Figure 2-1 ISO 7637-2 Pulse 1 characteristics.

Most vehicles have a centralized load-dump clamp that, in the case of 12-V battery-powered vehicles, clamps the maximum transient voltage during a load-dump event to 35 V. But electronic circuits need protection from negative transients that occur when turning off of an inductive load. An input-side TVS diode clamps these transients within the safer limits so that electronic circuits can continue to operate without any damage.

Figure 2-2 shows a typical printed circuit board (PCB) for an ideal diode reverse-polarity protection solution and the contribution of the input TVS diode toward the total solution size. For space-constrained ECU designs such as ADAS cameras, Radar and LIDAR ECUs, and USB hubs, eliminating the input-side TVS diode and simultaneously ensuring robust system-level EMC performance has many advantages.

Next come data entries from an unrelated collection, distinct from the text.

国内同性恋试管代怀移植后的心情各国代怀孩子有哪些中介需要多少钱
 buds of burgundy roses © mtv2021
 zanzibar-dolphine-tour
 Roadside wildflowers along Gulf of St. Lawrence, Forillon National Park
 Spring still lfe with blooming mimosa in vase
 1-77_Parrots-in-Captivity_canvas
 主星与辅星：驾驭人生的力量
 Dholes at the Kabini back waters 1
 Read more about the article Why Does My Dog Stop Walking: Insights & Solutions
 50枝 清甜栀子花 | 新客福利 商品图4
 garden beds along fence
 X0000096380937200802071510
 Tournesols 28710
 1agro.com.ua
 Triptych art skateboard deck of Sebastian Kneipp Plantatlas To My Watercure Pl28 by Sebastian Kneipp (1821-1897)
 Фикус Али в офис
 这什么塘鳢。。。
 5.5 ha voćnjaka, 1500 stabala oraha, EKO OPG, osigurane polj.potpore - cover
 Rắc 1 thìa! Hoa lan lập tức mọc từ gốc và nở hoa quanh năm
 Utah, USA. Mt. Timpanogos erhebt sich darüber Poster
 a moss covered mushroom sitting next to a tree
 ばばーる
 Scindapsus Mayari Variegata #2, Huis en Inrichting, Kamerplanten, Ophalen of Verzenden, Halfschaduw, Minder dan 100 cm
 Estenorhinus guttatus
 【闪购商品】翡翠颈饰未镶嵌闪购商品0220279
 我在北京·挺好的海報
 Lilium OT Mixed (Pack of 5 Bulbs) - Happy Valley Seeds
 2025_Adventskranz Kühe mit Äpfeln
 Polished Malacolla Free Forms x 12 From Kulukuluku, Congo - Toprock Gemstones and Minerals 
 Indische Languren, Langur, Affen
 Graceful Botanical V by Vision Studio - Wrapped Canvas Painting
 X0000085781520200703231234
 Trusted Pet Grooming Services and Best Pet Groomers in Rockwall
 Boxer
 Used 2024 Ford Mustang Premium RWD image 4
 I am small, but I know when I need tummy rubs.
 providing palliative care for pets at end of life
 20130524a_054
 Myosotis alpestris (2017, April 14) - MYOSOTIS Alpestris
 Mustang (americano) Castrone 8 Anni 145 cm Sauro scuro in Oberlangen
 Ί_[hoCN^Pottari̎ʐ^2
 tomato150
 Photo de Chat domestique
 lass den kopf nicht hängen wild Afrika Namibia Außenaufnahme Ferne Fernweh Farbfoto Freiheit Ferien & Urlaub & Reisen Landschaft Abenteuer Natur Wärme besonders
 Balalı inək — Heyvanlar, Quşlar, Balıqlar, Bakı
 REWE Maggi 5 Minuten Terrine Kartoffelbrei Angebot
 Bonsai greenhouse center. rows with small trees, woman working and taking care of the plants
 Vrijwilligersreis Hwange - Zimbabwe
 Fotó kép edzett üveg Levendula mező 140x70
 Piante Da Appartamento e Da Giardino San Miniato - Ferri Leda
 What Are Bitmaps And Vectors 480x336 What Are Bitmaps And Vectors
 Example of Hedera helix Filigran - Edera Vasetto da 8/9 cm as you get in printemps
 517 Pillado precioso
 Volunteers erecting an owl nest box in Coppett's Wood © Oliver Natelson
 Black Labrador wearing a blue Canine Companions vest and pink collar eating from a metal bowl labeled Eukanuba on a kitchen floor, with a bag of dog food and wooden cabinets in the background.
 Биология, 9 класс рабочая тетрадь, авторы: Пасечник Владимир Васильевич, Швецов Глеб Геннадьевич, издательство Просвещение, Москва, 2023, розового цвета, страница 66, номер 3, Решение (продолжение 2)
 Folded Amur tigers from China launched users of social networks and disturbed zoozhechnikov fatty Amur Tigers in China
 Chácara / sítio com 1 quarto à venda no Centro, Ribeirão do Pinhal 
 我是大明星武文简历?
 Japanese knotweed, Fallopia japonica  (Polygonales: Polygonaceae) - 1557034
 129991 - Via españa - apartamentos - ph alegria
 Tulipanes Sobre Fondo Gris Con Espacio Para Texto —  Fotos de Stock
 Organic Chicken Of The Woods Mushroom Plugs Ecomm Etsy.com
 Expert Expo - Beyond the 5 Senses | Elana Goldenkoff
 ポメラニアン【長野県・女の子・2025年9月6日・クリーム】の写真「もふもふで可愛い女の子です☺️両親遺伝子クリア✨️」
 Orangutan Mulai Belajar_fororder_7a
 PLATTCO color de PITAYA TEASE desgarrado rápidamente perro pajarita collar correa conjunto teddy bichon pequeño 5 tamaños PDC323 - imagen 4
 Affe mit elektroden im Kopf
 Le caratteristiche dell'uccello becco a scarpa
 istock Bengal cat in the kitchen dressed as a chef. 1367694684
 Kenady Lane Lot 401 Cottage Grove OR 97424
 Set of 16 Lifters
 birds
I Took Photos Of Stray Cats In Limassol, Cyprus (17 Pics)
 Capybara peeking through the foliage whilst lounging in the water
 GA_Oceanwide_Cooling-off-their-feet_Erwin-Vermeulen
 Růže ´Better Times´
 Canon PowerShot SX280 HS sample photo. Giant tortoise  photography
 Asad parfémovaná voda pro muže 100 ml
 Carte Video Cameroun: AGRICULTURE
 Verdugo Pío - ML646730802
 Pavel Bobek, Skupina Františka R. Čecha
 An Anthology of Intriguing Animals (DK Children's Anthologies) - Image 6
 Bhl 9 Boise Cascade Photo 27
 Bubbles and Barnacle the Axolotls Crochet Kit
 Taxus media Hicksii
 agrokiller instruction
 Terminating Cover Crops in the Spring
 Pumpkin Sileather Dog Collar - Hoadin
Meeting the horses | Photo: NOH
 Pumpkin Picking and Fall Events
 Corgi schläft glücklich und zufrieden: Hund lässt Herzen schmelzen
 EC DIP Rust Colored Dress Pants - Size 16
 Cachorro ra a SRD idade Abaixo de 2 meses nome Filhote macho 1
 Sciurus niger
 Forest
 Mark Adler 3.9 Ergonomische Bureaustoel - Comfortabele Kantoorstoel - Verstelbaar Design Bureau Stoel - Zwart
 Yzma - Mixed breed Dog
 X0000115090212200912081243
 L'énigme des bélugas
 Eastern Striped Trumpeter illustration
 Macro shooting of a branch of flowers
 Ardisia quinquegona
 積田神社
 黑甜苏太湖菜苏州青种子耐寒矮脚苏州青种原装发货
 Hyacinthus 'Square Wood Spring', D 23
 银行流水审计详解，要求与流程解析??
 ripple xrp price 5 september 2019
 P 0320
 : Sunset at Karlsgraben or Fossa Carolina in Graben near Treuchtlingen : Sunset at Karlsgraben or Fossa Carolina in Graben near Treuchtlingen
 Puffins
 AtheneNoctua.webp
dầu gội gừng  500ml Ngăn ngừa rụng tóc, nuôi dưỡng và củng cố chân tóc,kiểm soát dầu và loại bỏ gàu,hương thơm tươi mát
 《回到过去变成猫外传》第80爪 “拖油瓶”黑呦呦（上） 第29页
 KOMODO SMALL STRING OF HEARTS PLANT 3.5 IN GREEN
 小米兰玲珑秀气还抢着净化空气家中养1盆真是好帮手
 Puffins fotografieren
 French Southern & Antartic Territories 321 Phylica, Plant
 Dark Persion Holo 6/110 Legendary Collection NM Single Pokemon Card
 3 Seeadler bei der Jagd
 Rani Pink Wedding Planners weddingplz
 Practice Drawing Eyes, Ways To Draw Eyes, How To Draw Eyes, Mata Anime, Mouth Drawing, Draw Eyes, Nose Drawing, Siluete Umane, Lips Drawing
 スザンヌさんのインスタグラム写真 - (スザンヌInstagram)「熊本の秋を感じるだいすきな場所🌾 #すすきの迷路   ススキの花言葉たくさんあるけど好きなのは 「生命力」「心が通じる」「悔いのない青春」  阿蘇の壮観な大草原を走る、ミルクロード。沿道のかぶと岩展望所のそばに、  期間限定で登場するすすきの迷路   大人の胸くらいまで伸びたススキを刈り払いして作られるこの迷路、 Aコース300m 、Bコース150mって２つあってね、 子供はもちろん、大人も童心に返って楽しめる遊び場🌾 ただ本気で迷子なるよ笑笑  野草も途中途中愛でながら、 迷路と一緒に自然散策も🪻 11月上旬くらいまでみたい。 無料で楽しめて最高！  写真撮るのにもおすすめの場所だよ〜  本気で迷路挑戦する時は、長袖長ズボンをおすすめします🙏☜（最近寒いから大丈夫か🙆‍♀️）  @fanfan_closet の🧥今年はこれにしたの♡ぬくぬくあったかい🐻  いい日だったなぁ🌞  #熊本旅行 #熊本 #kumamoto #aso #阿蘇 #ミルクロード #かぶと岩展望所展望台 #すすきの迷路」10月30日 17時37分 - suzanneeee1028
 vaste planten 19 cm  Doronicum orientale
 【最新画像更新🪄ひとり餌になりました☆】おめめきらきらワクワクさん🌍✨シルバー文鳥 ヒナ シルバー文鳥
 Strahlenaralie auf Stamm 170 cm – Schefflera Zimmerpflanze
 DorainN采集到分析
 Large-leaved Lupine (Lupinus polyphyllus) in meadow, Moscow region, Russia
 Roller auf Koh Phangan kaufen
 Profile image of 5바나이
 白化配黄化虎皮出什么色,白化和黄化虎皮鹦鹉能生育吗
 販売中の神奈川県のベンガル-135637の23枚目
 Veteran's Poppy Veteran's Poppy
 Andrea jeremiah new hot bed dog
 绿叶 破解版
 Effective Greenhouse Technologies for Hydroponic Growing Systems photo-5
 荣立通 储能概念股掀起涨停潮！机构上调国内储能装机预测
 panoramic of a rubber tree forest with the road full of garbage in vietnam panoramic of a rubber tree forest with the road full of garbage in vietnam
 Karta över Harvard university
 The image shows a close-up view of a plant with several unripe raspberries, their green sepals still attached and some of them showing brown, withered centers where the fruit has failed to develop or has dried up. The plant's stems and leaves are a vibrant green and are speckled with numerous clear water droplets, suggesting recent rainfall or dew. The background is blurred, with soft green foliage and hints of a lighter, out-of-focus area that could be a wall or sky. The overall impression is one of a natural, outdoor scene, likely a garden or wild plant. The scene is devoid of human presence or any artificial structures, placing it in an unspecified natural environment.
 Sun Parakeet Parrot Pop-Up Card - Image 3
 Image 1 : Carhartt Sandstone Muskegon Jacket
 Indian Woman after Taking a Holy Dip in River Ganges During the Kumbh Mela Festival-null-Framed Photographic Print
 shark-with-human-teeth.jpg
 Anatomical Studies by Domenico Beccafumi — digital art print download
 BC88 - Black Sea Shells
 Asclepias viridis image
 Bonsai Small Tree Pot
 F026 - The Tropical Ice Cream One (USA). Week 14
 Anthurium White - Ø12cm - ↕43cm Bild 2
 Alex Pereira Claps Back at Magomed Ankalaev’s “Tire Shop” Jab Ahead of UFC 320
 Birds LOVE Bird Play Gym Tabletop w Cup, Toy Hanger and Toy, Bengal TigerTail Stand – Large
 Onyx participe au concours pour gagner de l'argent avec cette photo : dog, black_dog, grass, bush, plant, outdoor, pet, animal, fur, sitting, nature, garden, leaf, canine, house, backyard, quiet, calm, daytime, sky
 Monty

Eliminating the input-side TVS diode also improves overall reliability, because there is no longer a need for a shunt component between the battery and ground line.

  • Size, cost and efficiency over conventional power diode and P-Channel MOSFET solutions benefit at higher current levels
  • Robust system level EMC performance
  • 2 x Input TVS diodes required for transient voltage suppression
    • D1: Mainly to block forward current from D2 in normal operation
    • D2: Mainly to suppress negative transient ISO7637-2 Pulse 1
  • Area of Ideal Diode Controller + N-Channel MOSFET: 24 mm2
  • Area of 2 x input TVS diodes (D1, D2): 35 mm2
  • The TVS occupies ~ 70% of total system solution of ideal Diode
  • The TVS adds additional system cost and BoM count
  • Removing the TVS improves the system reliability due to removal of a shunt component on the VBATT terminal

Figure 2-2 Typical ideal diode application circuit and PCB area comparison.